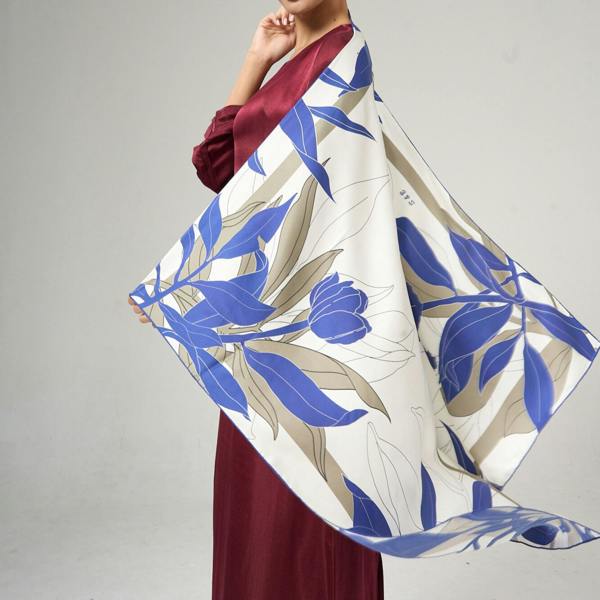 Navy Botanical Twill Silk Scarf – Printed Mulberry Silk, Office Wrap & Gift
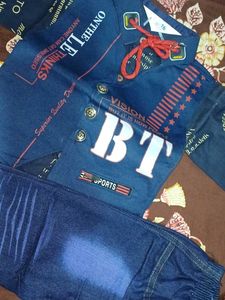 Boys navy blue jeans shirt set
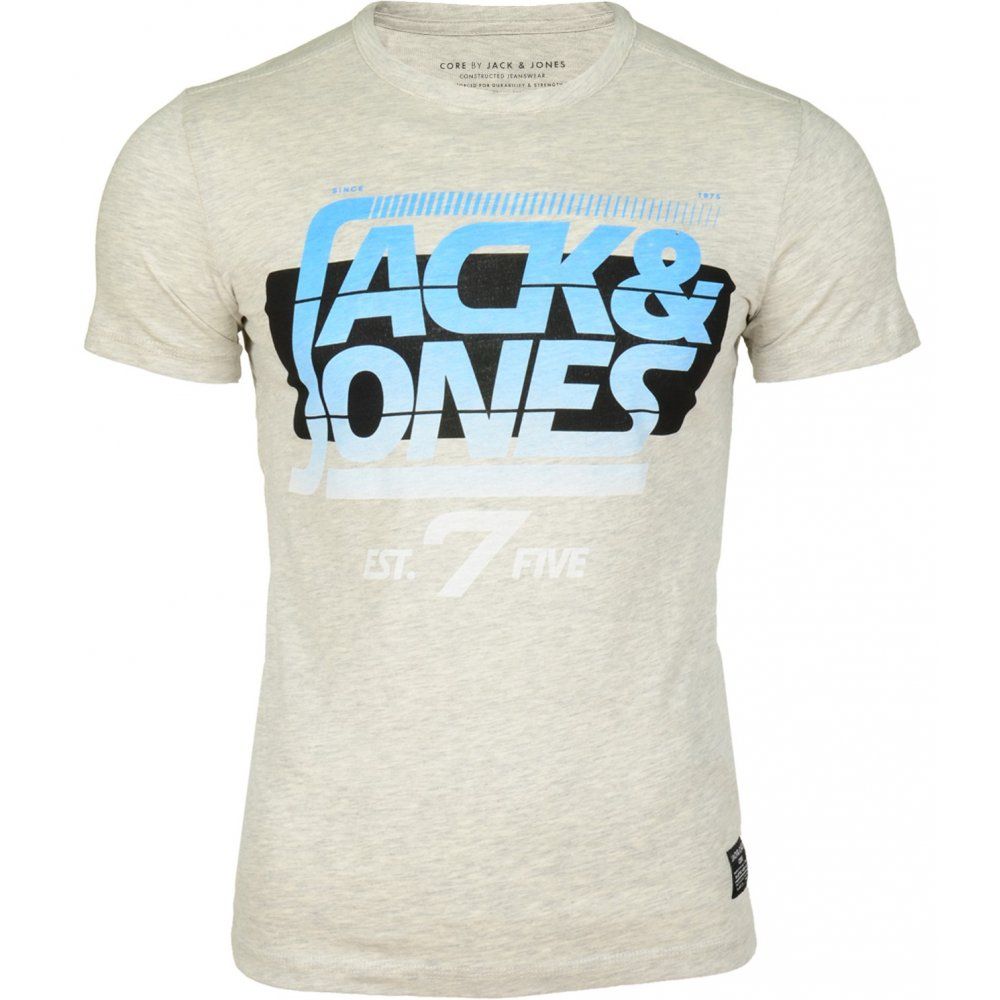 Jack & Jones Designer Retro Sport Crew Neck T Shirt Treated White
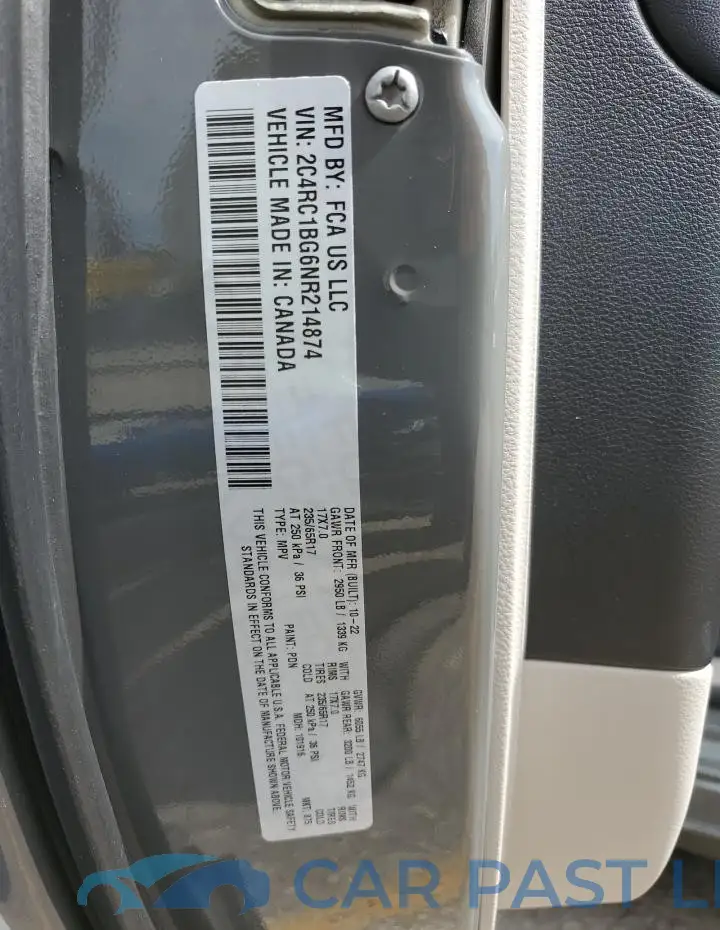 2C4RC1BG6NR214874# 13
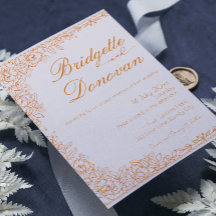 ミニマルシンプルリストテラコッタ結婚式招待状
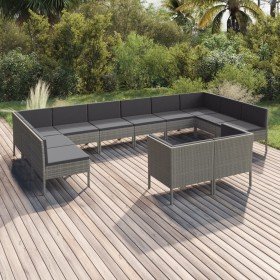 Set de muebles de jardín 12 pzas y cojines ratán sintético gris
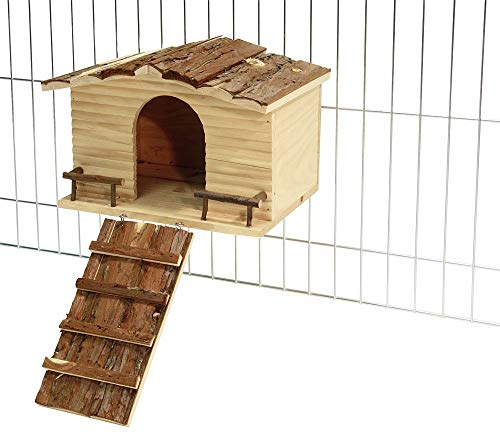 Casa para roedores NATURE 30 x 22,5 x 20 cm con enganche para rejilla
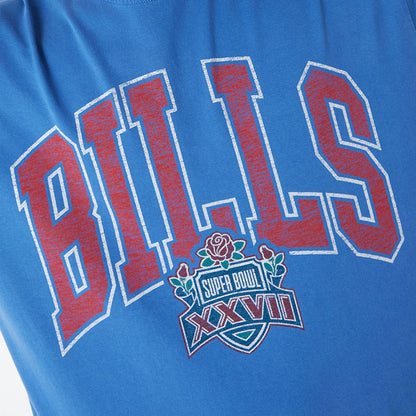 The Male model is wearing Buffalo Bills Oversized Essential Blue Oversized Long Sleeve T-Shirt 5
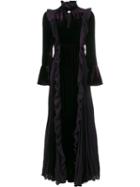 Fendi Ruffle Detail Long Dress, Women's, Size: 40, Pink/purple, Silk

§ Exercise directions
What you write should match, word for word, the lines from the one containing "Boys navy blue jeans shirt set" to the end of the listing, with both ends kept and the pictures left out.

§ Written solution
 Boys navy blue jeans shirt set
 Jack & Jones Designer Retro Sport Crew Neck T Shirt Treated White
 2C4RC1BG6NR214874# 13
 ミニマルシンプルリストテラコッタ結婚式招待状
 Set de muebles de jardín 12 pzas y cojines ratán sintético gris
 Casa para roedores NATURE 30 x 22,5 x 20 cm con enganche para rejilla
 The Male model is wearing Buffalo Bills Oversized Essential Blue Oversized Long Sleeve T-Shirt 5
 Fendi Ruffle Detail Long Dress, Women's, Size: 40, Pink/purple, Silk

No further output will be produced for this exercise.